Rapid Effects of MDMA Administration on Self-Reported Personality Traits and Affect State: A Randomized, Placebo-Controlled Trial in Healthy Adults
This pre-registered randomised placebo-controlled study (n=34) investigates the effects of MDMA (100mg) administration on personality traits and affective states in healthy adults. While no statistical significance was found for the primary hypotheses, medium effect sizes were observed for increased Openness (d = 0.79) and Positive Affect (d = 0.51) 48 hours after MDMA administration compared to placebo.
Authors
- Dunlop, B. W.
- Hyatt, C. S.
- Maples-Keller, J. L.
Published
Abstract
3,4-methylenedioxymethamphetamine (MDMA) assisted therapy has been shown to be a safe and effective treatment for PTSD and emerging research suggests a change in personality traits may be a factor in treatment response. Most prior research on MDMA and personality has focused on cross-sectional comparisons of MDMA users and non-users; as such, well-controlled research assessing personality and affective states change following MDMA vs placebo administration is needed.

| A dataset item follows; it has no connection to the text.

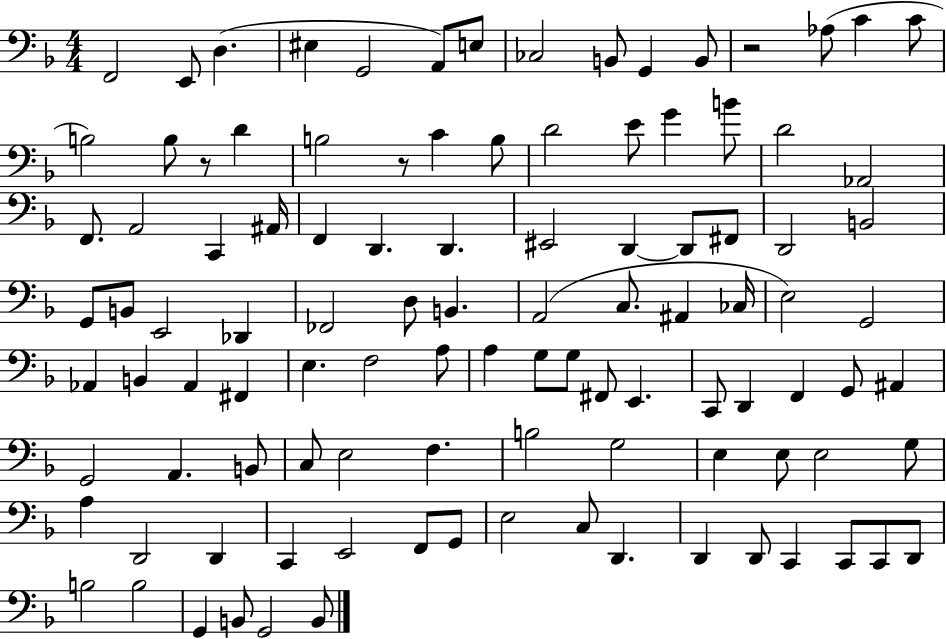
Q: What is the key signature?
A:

In the current pre-registered study, we investigated the impact of MDMA administration on five-factor model (FFM) traits and affective states before and 48 h after drug administration in a randomized, placebo-controlled study of healthy adults (N = 34). Statistical significance was not observed for the four a priori hypotheses; however, medium effect sizes were found between MDMA administration and trait Openness and Positive Affect 48 h following drug administration, compared to placebo (d = .79 and .51, respectively). This study provides initial results to help guide future well-powered studies with large samples and longer follow-up timepoints to continue to investigate how MDMA impacts personality and emotional experience, which may inform optimization of MDMA treatment approaches.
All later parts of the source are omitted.